▶ [PROBLEM TO WORK ON]: Starting with the line that contains "Teren de 2000 mp, în Orlat - 3", copy every line through the end of the listing, exactly and only those. No pictures should appear in the copy.

▶ [RECORDS]:
----------------

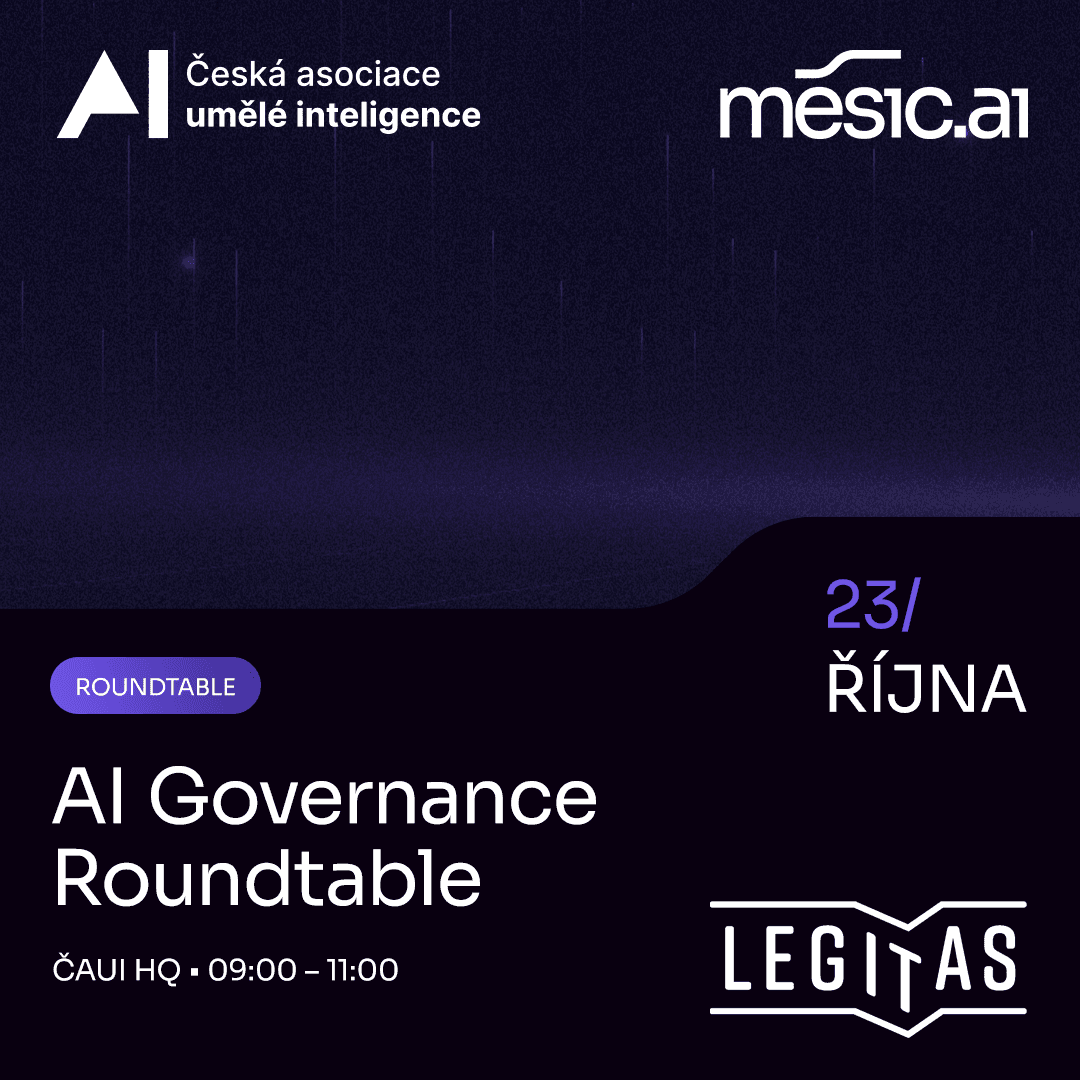 AI Governance Roundtable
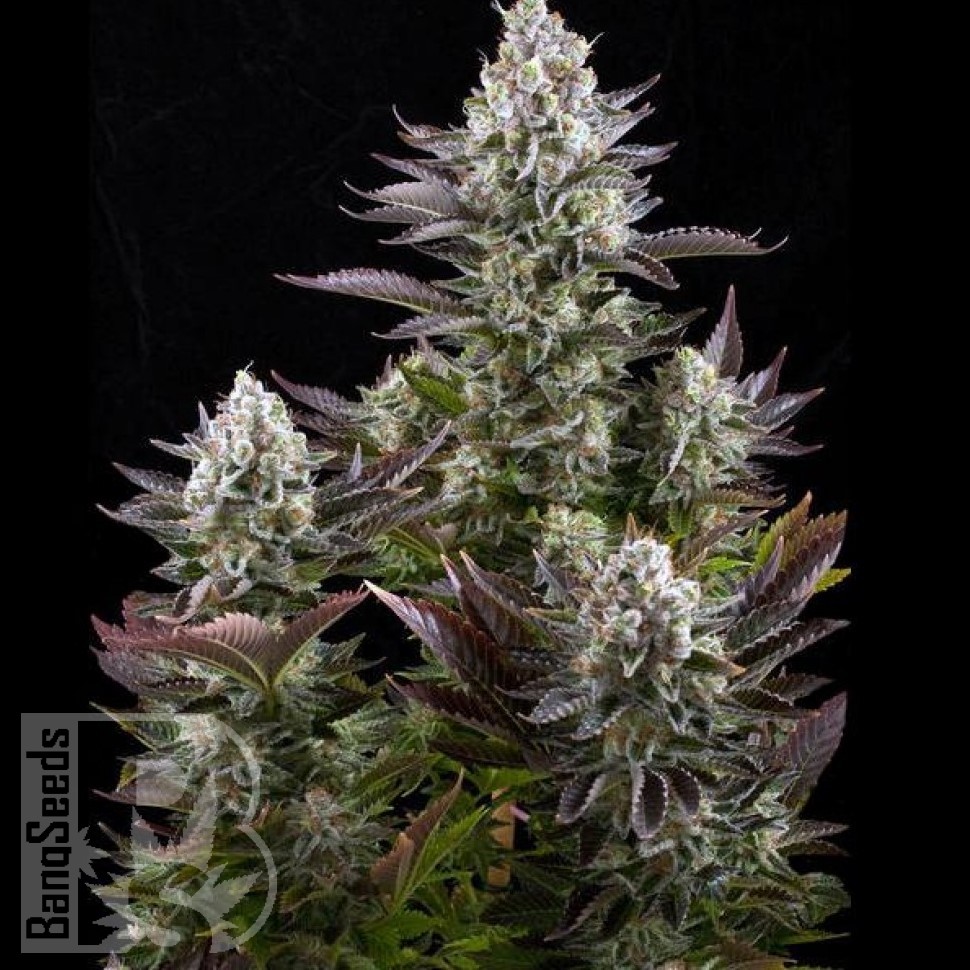 Семена марихуаны  Yolka (Spruce) feminised Ganja Seeds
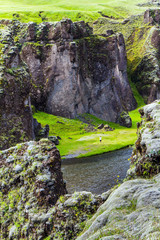 The stream with melted glacial water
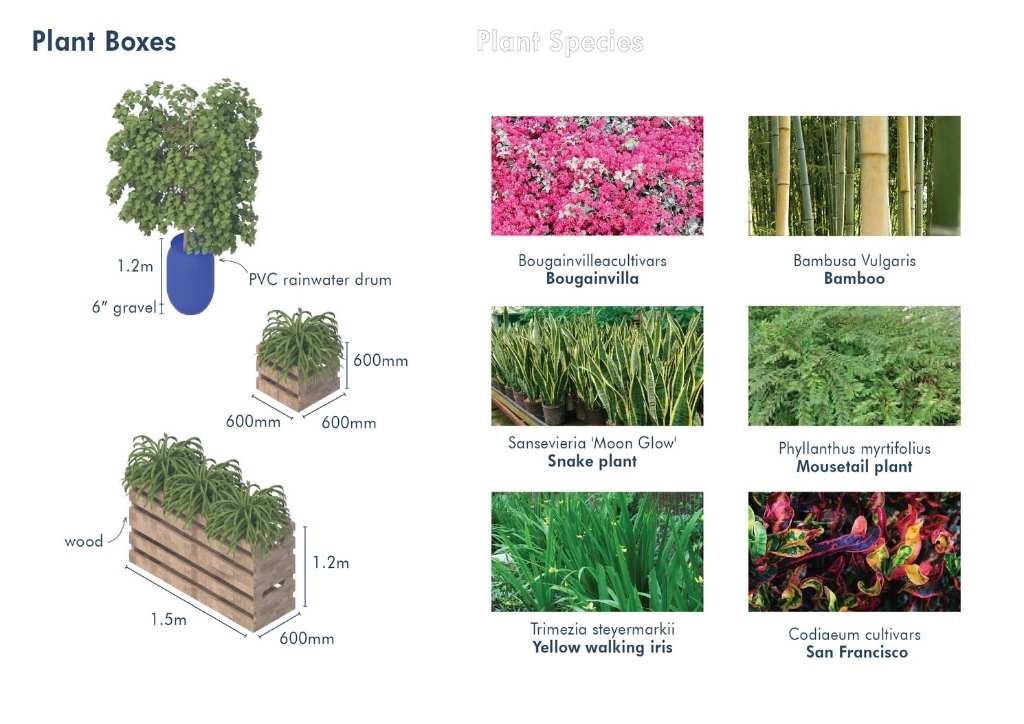 3D renderings of proposed plant boxes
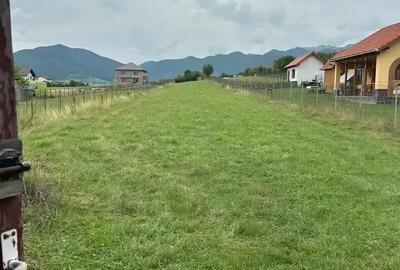 Teren de 2000 mp, în Orlat - 3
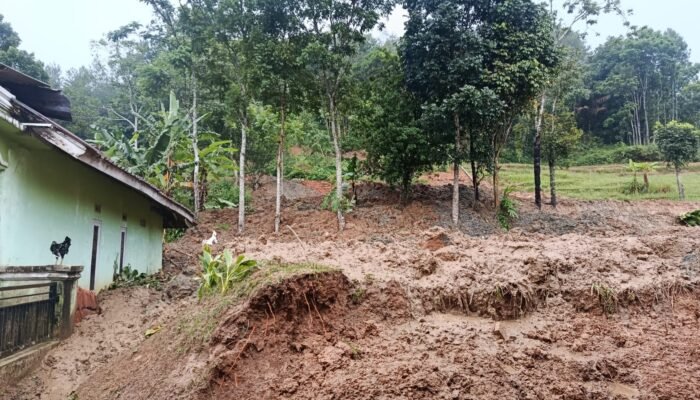 Detik-detik Mencekam Bukit Pasirmuncang Longsor di Jampang Tengah, Lumpur Dekati Teras, Warga: Kami Panik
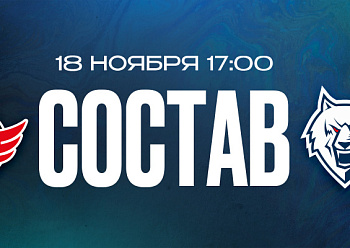 «Автомобилист» — «Нефтехимик»: состав нашей команды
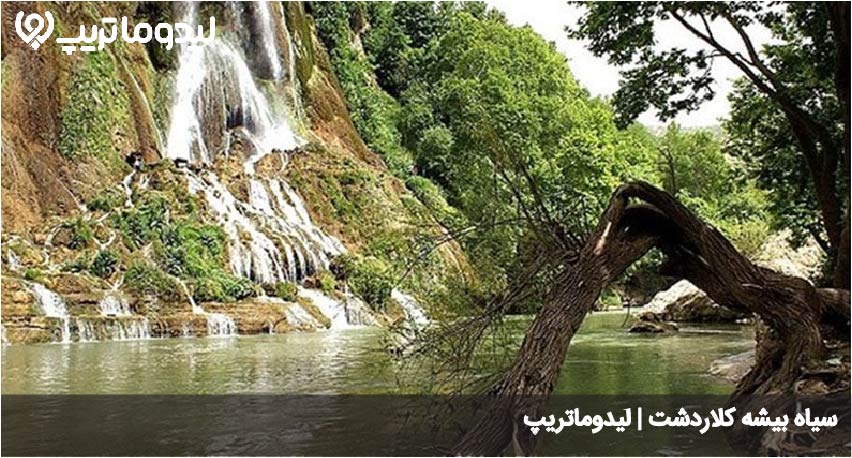 سیاه بیشه کلاردشت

----------------

▶ [ANSWER BELOW]:
 Teren de 2000 mp, în Orlat - 3
 Detik-detik Mencekam Bukit Pasirmuncang Longsor di Jampang Tengah, Lumpur Dekati Teras, Warga: Kami Panik
 «Автомобилист» — «Нефтехимик»: состав нашей команды
 سیاه بیشه کلاردشت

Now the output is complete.